FB2 Metadata Reader: Fix cover extraction, author_sort extraction, support multiple authors. Improved Irish Times recipe

2025-07-07 10:14:46 -04:00 · 2009-08-12 11:45:30 -06:00 · 2009-08-12 11:45:30 -06:00 · c30fb96ebf
commit c30fb96ebf
parent 49ab346619
2 changed files with 99 additions and 65 deletions
--- a/src/calibre/ebooks/metadata/fb2.py
+++ b/src/calibre/ebooks/metadata/fb2.py
@ -5,50 +5,82 @@ __copyright__ = '2008, Anatoly Shipitsin <norguhtar at gmail.com>'
 '''Read meta information from fb2 files'''
-import mimetypes
+import mimetypes, os
 from base64 import b64decode
-
+from lxml import etree
 from calibre.ebooks.BeautifulSoup import BeautifulStoneSoup
 from calibre.ebooks.metadata import MetaInformation
 XLINK_NS     = 'http://www.w3.org/1999/xlink'
 def XLINK(name):
    return '{%s}%s' % (XLINK_NS, name)
 def get_metadata(stream):
    """ Return metadata as a L{MetaInfo} object """
-    soup =  BeautifulStoneSoup(stream.read())
+    XPath = lambda x : etree.XPath(x,
-    firstname = soup.find("first-name").contents[0]

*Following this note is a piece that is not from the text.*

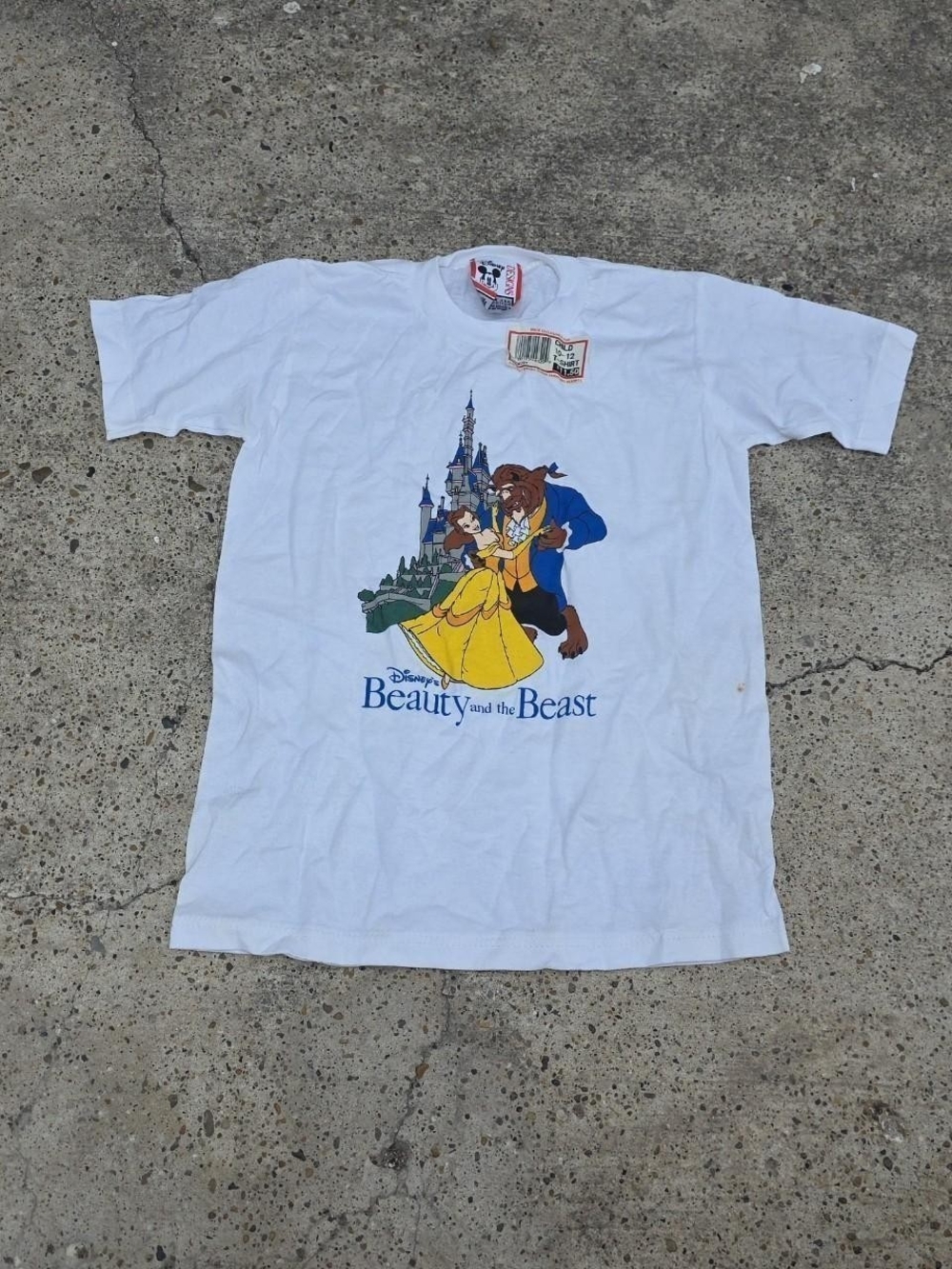 KIDS Vintage Disney Beauty and the Beast T Shirt White Single Stitch USA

+            namespaces={'fb2':'http://www.gribuser.ru/xml/fictionbook/2.0',
-    lastname = soup.find("last-name").contents[0]
+                'xlink':XLINK_NS})
-    author= [firstname+" "+lastname]
+    tostring = lambda x : etree.tostring(x, method='text',
-    title = soup.find("book-title").string
+            encoding=unicode).strip()
-    comments = soup.find("annotation")
+    root = etree.fromstring(stream.read())
-    tags = soup.findAll('genre')
+    authors, author_sort = [], None
-    tags = [t.contents[0] for t in tags]
+    for au in XPath('//fb2:author')(root):
-    cp = soup.find('coverpage')
+        fname = lname = author = None
        fe = XPath('descendant::fb2:first-name')(au)
        if fe:
            fname = tostring(fe[0])
            author = fname
        le = XPath('descendant::fb2:last-name')(au)
        if le:
            lname = tostring(le[0])
            author += ' '+lname
        if author:
            authors.append(author)
        if len(authors) == 1 and author is not None:
            if lname:
                author_sort = lname
            if fname:
                if author_sort: author_sort += ', '+fname
                else: author_sort = fname
    title = os.path.splitext(os.path.basename(getattr(stream, 'name',
        _('Unknown'))))[0]
    for x in XPath('//fb2:book-title')(root):
        title = tostring(x)
    comments = ''
    for x in XPath('//fb2:annotation')(root):
        comments += tostring(x)
    if not comments:
        comments = None
    tags = list(map(tostring, XPath('//fb2:genre')(root)))
    cp = XPath('//fb2:coverpage')(root)
    cdata = None
    if cp:
-        cimage = cp.find('image', attrs={'l:href':True})
+        cimage = XPath('descendant::fb2:image[@xlink:href]')(cp[0])
        if cimage:
-            id = cimage['l:href'].replace('#', '')
+            id = cimage[0].get(XLINK('href')).replace('#', '')
-            binary = soup.find('binary', id=id, attrs={'content-type':True})
+            binary = XPath('//fb2:binary[@id="%s"]'%id)(root)
            if binary:
-                mt = binary['content-type']
+                mt = binary[0].get('content-type', 'image/jpeg')
                exts = mimetypes.guess_all_extensions(mt)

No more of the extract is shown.